§ **What you are asked to do**
Pictures should be left out while the data beneath this task is written out word for word.

*** Opening of Input data ***

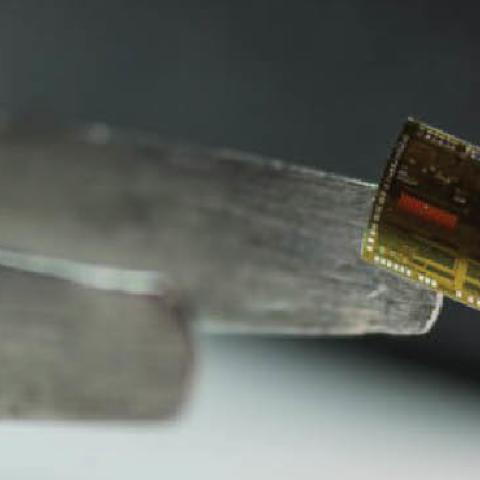A microchip developed jointly by the Air Force Research Laboratory and American Semiconductor (U.S. Air Force Photo)
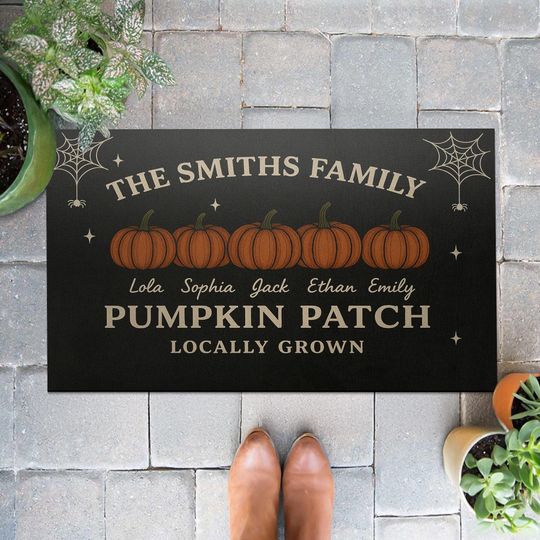 Discover Personalized Family Pumpkin Patch Doormat , Custom Fall Welcome Mat with Your Names, Door Decor, Pumpkin Doormat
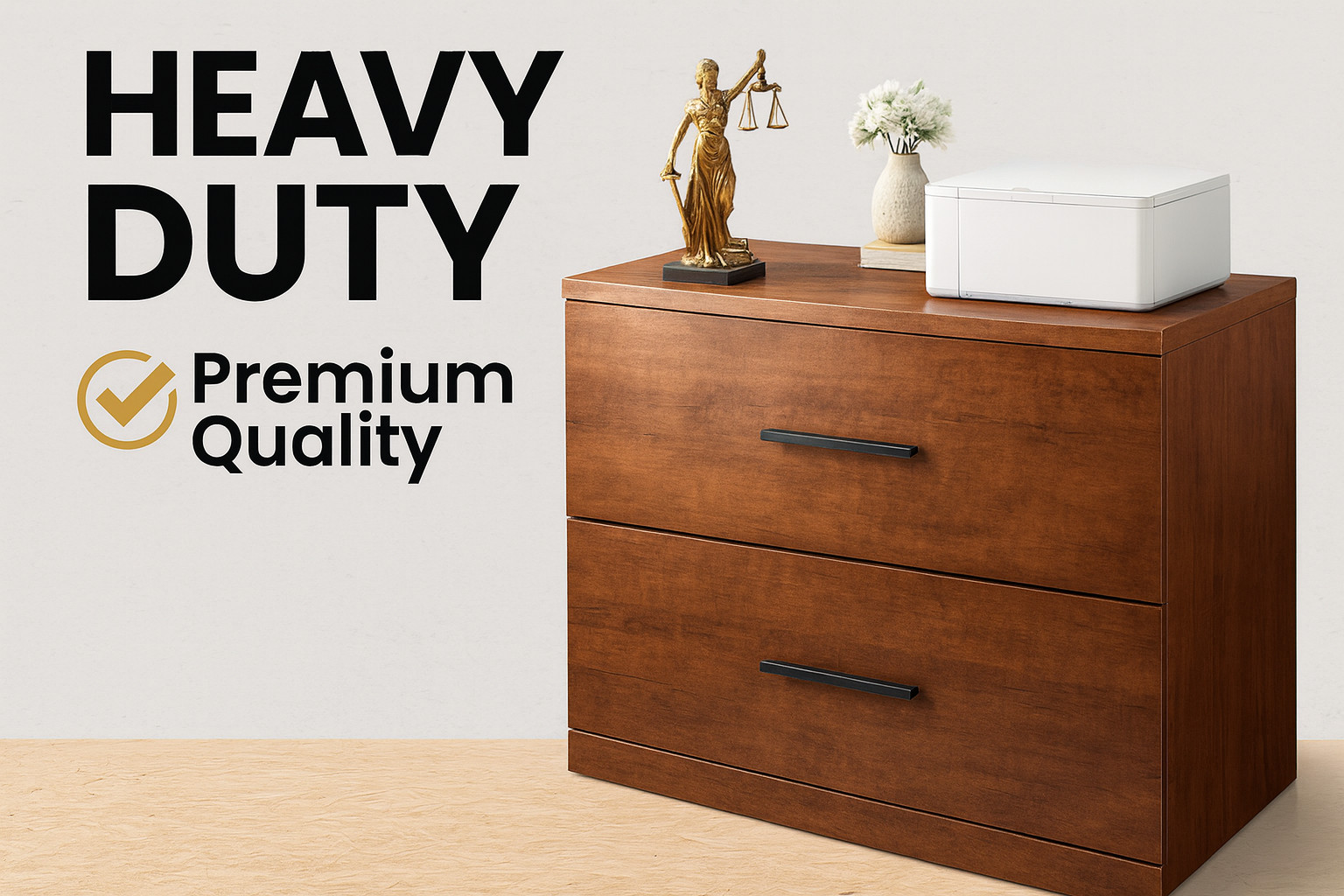 2 Drawer Lateral HEAY File Cabinet Walnut Wood Finish Fits Legal Letter A4 Files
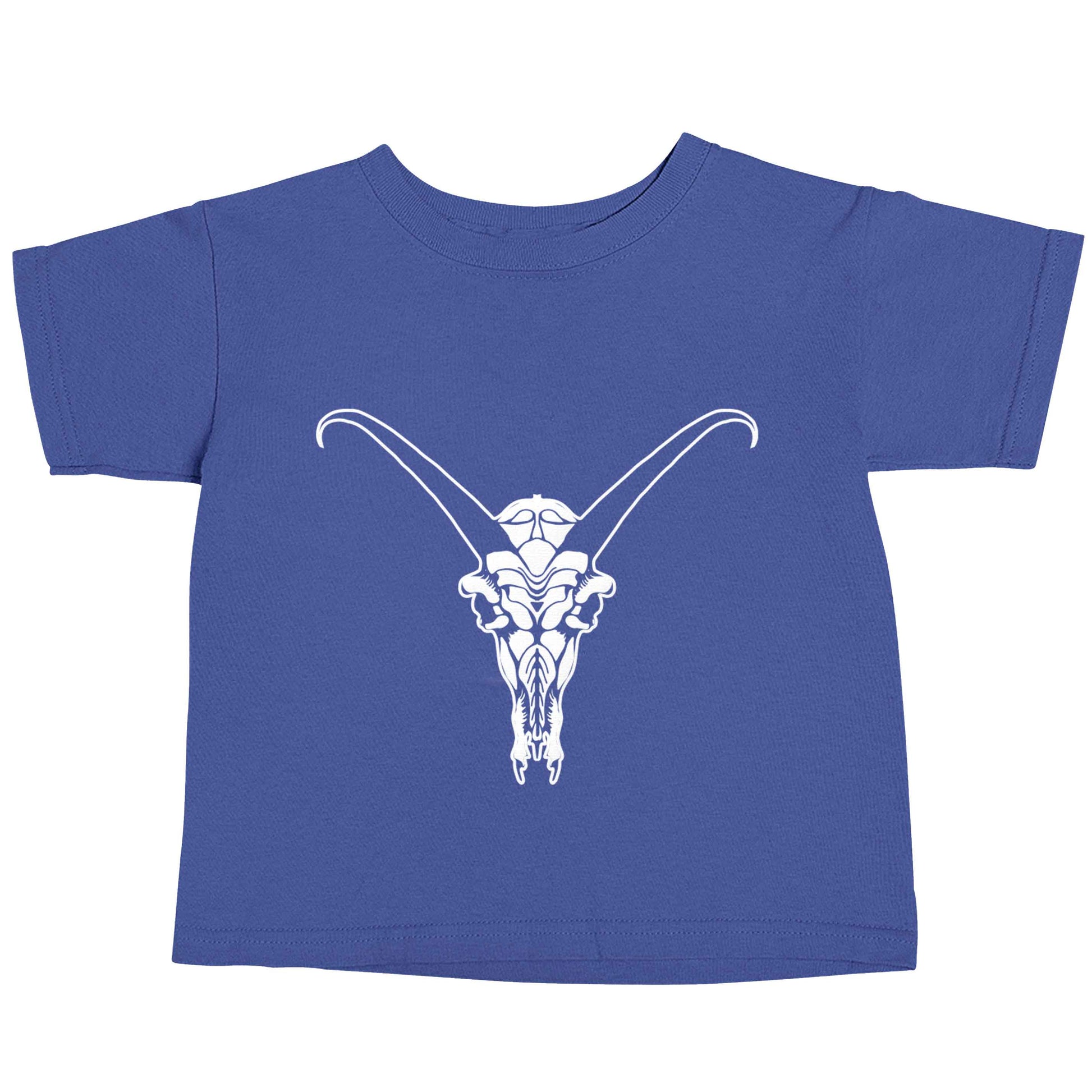 Deer skull illustration blue baby toddler Tshirt 2 Years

*** Close of Input data ***

§ **Answer to this exercise**
A microchip developed jointly by the Air Force Research Laboratory and American Semiconductor (U.S. Air Force Photo)
 Discover Personalized Family Pumpkin Patch Doormat , Custom Fall Welcome Mat with Your Names, Door Decor, Pumpkin Doormat
 2 Drawer Lateral HEAY File Cabinet Walnut Wood Finish Fits Legal Letter A4 Files
 Deer skull illustration blue baby toddler Tshirt 2 Years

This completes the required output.